You know a show is certainly going to be something when you start the afternoon holding your camera bag under bathroom hairdryer in the basement of a nightclub in the middle of the afternoon. And that is where I found myself to kick off Sled Island’s Mint Records showcase.
Calgary felt a little more like Vancouver thanks a torrential downpour that kicked off early in the day and did not let up. It also felt a little like Vancouver due to the stacked lineup Mint brought to showcase.
The Mint Records showcase is a great annual cleanser at Sled Island. Coming at the midpoint of the festival, it’s a free, all-ages event that highlights a broad spectrum of bands all signed to the Mint label. And running for almost five hours, the showcase offers up plenty of time to step in and out of the party.
Bridal Party kicked things off with a high-energy set. Vocalists Suzannah Raudaschl and Joseph Leroux weaved breezily in between jangling guitars and easy beats. Supermoon followed up with their signature brand of sugary sweet pop — perfect afternoon music.
Things really started to get going as the rain let up a little leading up to Faith Healer’s set. The trio filled Commonwealth’s cavernous space with their light and breezy energy. It was easy to listen to the music while also navigating the room, running into friends the whole time. I ended up spending a good section of the set lounging on one of the couches, bobbing my head along to the tunes.
By the time Peach Kelli Pop took the stage though, the crowd had coalesced around the front to absorb the band’s saccharine energy. The California-based band is a fresh addition to Mint’s line-up in the past few months, and has spent the past few weeks touring across Canada and the United States.
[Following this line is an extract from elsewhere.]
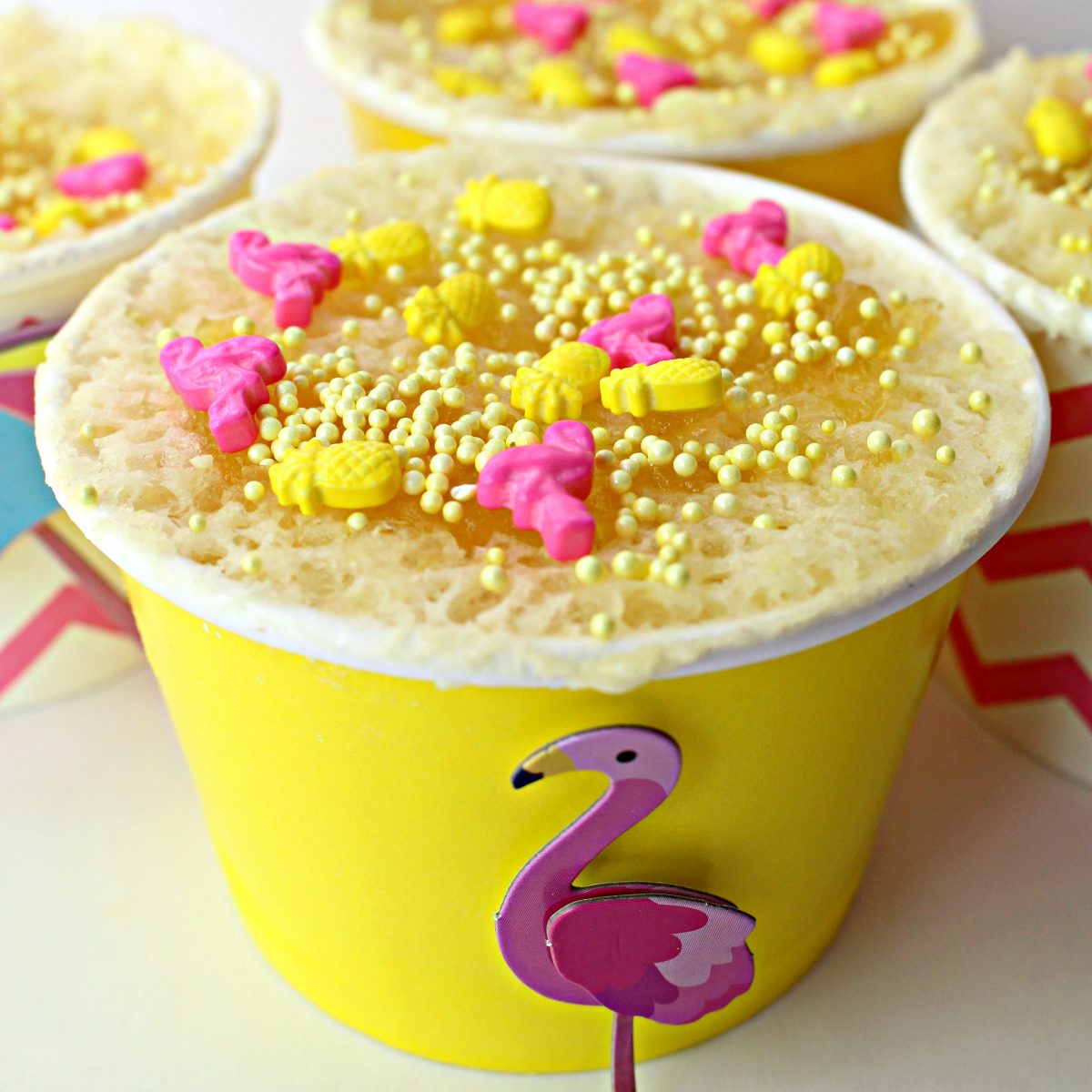 Pineapple Mug Cake in a paper snack cup topped with pineapple and flamingo sprinkles.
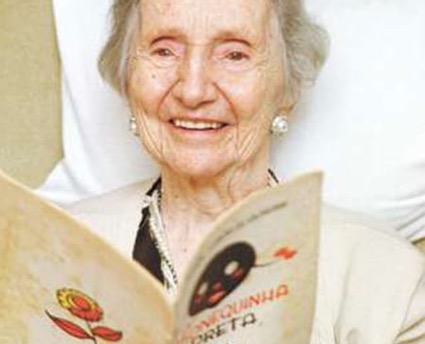 Autora Alaíde Lisboa de Oliveira com o livro A Bonequinha Preta original.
For the Mint showcase, they brought a high-energy set filled with classic tracks — “Hello Kitty Knife” is always a favourite — as well as songs from newer releases.
Speaking of new releases, Vancouver favourites Dumb held their unofficial album launch party as part of the showcase. Playing the day your album drops brings a special spark to the performance and it was easy to see the joy on each of the band members’ faces as they brought those new songs to a new crowd. It was fast, it was joyous and it was a delight to take in.
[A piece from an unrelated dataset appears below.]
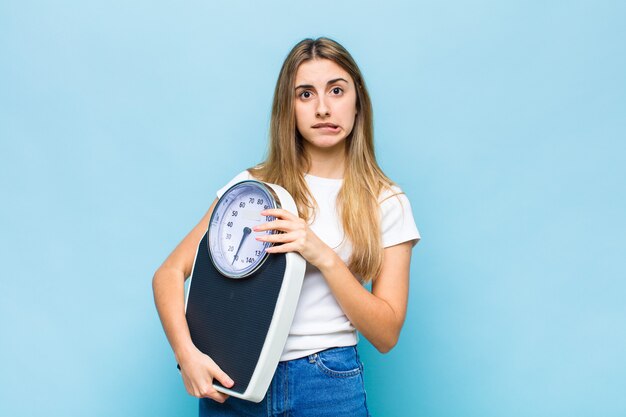 Blonde mooie vrouw die verbaasd en verward kijkt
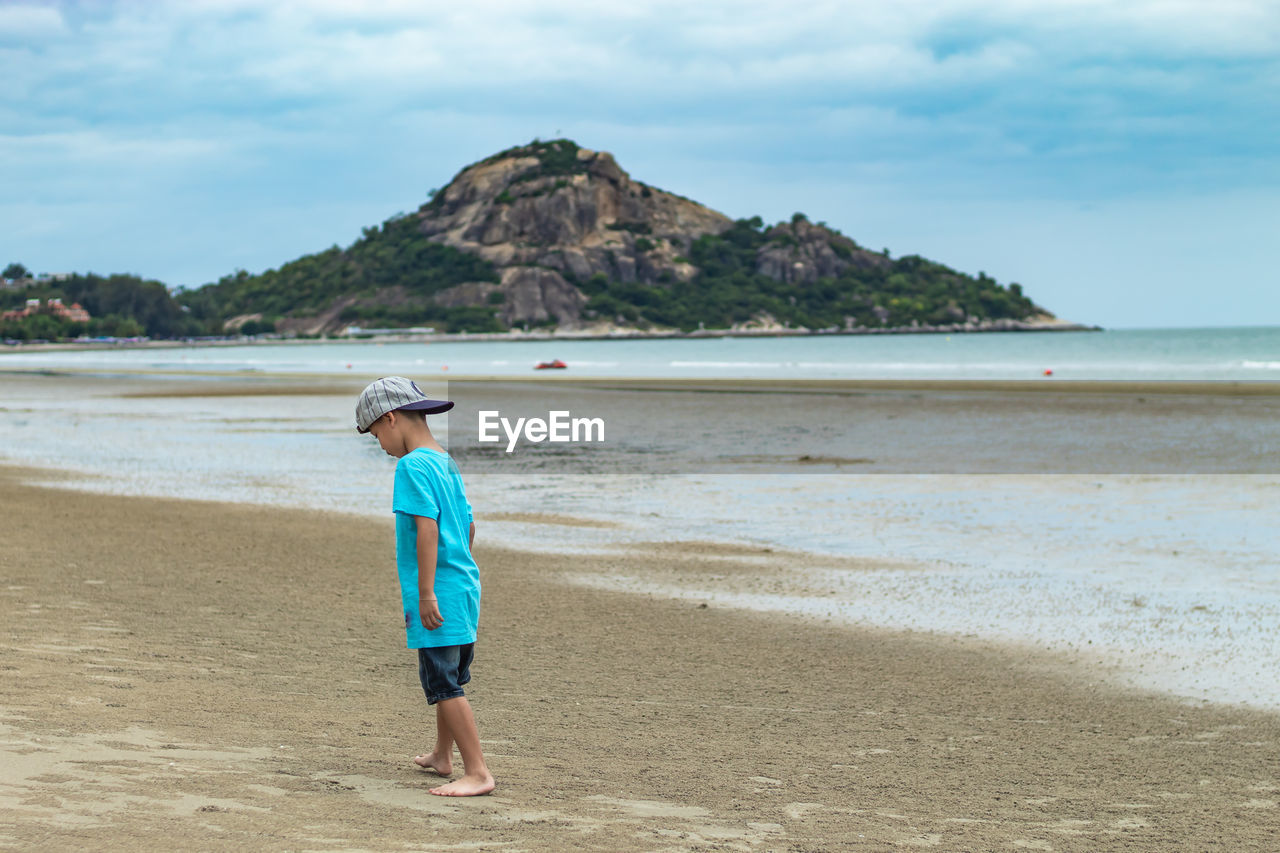 Boy playing on sand at beach against sky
The mood shifted slightly with final act lié, who took the airy pop of the earlier and sunk it down, down, down into a chilling and resonate heaviness. Sporting leather bondage attire, the group brought pounding guitars and vocals to the stage. As if by sheer force of will, they seemed to clear away the rain. After they concluded, I emerged from the venue bleary-eyed at the sudden sun — it felt like a Sled Island miracle.